戦いつづけるであろう。彼女はもう一人ではないのだ。






SKYPE

 いや~、マジで凄い尊敬するよ。ついに手に入れたね、おめでとう。

自分の事のように嬉しいよ、やったな!いきなりスペイン人かよ、どんだけだつうの。  

 

 あ~でも寂しさはあるな。

同志だと思ってたのにな~。裏切られた!つう気持ちもあるぞ。


「ありがとう、私もこんなことになるなんて予想もできなかったよ、

だってさ、私、韓国人好きじゃん、まさかスペイン人だもん、自分でもビックリしてる。

 別に、そんな好きじゃなかったんだよね、顔も好みじゃないしさ、

でも、私の事を思ってくれてるって伝わってくんのよ。

 なんかさ~、一緒にいて楽っていうか、一緒にいたいと思うんだよね。

私、スペイン語、全くわかんないじゃない。

 英語もさ、私も彼もそこまで上手くないし、言葉が通じてないことも、多いんだけどさ。

こんな、気持ちになるなんて不思議だよ」

 ふーん、ロマンチックな話ですな~。

でも、まあ、ね~、距離が遠すぎるだろ。直ぐに、別れるんじゃないの?


「あんた、本当に分かってないね!

別れること考えたって仕方ないでしょ、今、楽しいし、この時間が長く続く為に努力するだけよ」

「だいたいあんた、いつも、相手に嫌われるとか、迷惑になるんじゃないかって、一歩引いてるでしょ。この前の長崎だってさ。」

 その話はいいじゃん、長崎は止めてよ。もう、いいの、あれは、俺の中で自己完結しました。
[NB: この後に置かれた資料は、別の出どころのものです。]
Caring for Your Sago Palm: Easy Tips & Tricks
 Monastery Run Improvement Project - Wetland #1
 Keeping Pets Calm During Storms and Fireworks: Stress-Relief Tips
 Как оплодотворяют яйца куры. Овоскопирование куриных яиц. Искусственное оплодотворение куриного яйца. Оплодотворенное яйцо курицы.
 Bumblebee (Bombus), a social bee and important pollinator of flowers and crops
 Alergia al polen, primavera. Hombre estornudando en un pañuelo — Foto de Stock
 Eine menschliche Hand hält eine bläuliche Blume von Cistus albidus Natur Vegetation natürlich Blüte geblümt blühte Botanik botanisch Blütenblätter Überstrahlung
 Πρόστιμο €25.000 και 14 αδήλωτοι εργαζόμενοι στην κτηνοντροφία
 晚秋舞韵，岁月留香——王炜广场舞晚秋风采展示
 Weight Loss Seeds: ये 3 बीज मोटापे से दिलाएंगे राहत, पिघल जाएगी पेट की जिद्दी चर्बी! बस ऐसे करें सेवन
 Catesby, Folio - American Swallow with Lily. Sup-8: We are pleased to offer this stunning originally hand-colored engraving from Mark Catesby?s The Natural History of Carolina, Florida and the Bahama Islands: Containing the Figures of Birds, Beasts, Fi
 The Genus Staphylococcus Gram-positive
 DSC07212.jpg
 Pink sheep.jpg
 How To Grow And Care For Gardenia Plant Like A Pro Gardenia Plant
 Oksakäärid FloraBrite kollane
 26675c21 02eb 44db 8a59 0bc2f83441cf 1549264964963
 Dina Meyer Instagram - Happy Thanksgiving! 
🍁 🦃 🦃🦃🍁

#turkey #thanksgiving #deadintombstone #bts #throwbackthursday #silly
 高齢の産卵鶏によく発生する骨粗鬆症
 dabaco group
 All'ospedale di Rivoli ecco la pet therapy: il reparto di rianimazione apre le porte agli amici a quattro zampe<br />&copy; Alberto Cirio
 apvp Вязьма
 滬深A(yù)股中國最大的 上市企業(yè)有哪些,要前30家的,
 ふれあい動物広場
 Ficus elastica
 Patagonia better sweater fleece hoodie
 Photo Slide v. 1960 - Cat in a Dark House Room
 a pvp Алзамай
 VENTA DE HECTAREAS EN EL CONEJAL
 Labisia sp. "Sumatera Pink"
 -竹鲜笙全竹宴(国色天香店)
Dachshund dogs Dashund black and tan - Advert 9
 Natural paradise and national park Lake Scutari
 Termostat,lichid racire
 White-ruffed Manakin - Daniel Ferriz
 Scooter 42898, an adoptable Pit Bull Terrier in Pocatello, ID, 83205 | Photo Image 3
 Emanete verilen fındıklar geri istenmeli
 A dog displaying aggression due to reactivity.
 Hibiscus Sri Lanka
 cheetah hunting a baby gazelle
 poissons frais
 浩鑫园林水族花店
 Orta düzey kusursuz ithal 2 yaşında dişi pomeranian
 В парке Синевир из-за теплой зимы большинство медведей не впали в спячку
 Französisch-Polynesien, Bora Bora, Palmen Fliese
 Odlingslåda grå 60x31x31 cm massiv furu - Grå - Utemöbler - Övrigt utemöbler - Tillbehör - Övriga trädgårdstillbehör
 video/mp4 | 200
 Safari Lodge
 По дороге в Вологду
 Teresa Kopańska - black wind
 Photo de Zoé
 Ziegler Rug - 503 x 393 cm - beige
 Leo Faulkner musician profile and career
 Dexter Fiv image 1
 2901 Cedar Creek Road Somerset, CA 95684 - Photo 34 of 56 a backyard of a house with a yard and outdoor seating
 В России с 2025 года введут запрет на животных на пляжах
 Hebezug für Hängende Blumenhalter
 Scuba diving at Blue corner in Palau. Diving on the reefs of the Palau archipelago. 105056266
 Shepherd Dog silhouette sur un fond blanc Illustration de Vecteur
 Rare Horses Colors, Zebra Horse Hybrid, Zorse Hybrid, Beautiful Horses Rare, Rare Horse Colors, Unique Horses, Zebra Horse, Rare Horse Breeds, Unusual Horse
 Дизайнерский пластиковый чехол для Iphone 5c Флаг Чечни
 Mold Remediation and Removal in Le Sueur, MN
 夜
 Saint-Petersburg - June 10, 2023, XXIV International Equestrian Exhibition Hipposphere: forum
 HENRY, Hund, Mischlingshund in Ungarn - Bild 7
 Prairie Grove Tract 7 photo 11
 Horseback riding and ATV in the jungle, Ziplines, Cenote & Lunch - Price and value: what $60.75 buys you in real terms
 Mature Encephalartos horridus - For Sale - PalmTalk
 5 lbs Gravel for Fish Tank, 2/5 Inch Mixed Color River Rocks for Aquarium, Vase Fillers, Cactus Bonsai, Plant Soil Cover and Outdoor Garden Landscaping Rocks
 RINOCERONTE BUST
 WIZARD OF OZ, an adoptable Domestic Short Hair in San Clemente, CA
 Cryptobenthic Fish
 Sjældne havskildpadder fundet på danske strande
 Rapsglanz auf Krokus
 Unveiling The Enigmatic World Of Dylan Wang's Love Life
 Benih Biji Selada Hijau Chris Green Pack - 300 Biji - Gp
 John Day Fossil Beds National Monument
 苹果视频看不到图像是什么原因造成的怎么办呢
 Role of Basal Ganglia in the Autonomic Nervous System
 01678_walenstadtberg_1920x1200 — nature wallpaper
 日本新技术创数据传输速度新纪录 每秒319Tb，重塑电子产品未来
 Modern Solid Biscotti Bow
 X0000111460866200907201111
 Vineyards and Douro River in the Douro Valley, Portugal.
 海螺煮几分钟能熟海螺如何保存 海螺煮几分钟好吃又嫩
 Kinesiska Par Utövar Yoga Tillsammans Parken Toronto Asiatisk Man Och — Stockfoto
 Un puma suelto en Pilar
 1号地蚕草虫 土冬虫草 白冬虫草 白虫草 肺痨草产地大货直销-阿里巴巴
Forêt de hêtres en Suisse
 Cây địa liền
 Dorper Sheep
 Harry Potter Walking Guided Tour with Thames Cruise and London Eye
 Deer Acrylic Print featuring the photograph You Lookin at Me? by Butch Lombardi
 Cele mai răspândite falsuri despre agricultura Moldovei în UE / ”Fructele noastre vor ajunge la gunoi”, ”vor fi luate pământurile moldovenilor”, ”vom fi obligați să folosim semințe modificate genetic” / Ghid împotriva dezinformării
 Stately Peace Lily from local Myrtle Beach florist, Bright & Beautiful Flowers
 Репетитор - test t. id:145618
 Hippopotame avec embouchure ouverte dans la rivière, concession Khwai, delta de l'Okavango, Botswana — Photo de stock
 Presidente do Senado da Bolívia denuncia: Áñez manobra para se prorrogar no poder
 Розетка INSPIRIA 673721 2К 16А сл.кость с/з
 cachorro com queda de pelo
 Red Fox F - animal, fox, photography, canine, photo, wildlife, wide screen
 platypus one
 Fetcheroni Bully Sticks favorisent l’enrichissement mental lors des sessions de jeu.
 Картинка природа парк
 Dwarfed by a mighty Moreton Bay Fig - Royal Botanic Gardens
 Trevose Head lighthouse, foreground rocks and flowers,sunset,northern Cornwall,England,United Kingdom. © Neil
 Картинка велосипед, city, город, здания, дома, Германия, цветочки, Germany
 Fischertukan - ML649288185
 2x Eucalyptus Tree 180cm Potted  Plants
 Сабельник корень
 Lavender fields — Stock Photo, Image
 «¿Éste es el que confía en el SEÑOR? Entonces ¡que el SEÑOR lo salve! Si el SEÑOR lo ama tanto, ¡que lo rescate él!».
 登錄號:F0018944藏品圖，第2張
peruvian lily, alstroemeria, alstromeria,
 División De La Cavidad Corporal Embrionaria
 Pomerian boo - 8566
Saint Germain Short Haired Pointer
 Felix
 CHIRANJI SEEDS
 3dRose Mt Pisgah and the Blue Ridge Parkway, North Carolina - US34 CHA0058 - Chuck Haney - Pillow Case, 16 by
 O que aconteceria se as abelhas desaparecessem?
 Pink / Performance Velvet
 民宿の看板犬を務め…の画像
「そんなこと言って、思いっきり引きずってんじゃないの。

だから、あんたは駄目だっての、いい、私の彼氏はガンガンきたよ。私が彼に興味ないって、彼、知ってたと思う。それでもガンガンよ。

相手に嫌われたっていいじゃない、自分から行かないと、相手に自分の事、

分かってもらえる訳ないじゃん」

 

 あ・・・・はい。

それは、そうだけど、変に距離詰めて、相手に負荷かけたりするよりも、

友達つうか、このままでも楽しいし、いいかなって。


「違うじゃん、あんた!そういう器用なタイプじゃないでしょ!

思いっきり傷ついてんじゃん。だいたい、あんたはいつまでも昔の事をひきずってさ~」

「あ!彼氏がオンラインになった。あれ、仕事、早く終わったのかな、あ、チャットきた。

ヤッター、久々に喋れる」

 

久々って?


「うん?三日ぶりかな。あ、ま、そんな感じ、今度、iPodで分からない事、聞きたいから、また、連絡するね。

 そうそう、変な女ばっか、あんたに寄ってくるから、気をつけるのよ。相手に合わせないで、しっかりやんなさいよ。 

 それから、これからは攻めなさい。

女は、特に攻めに弱いわけじゃないけど、あんたは顔も性格もよくないんだから、攻めないと始まらないわよ、んじゃね。」


俺は、女戦士より攻めの心を学んだ。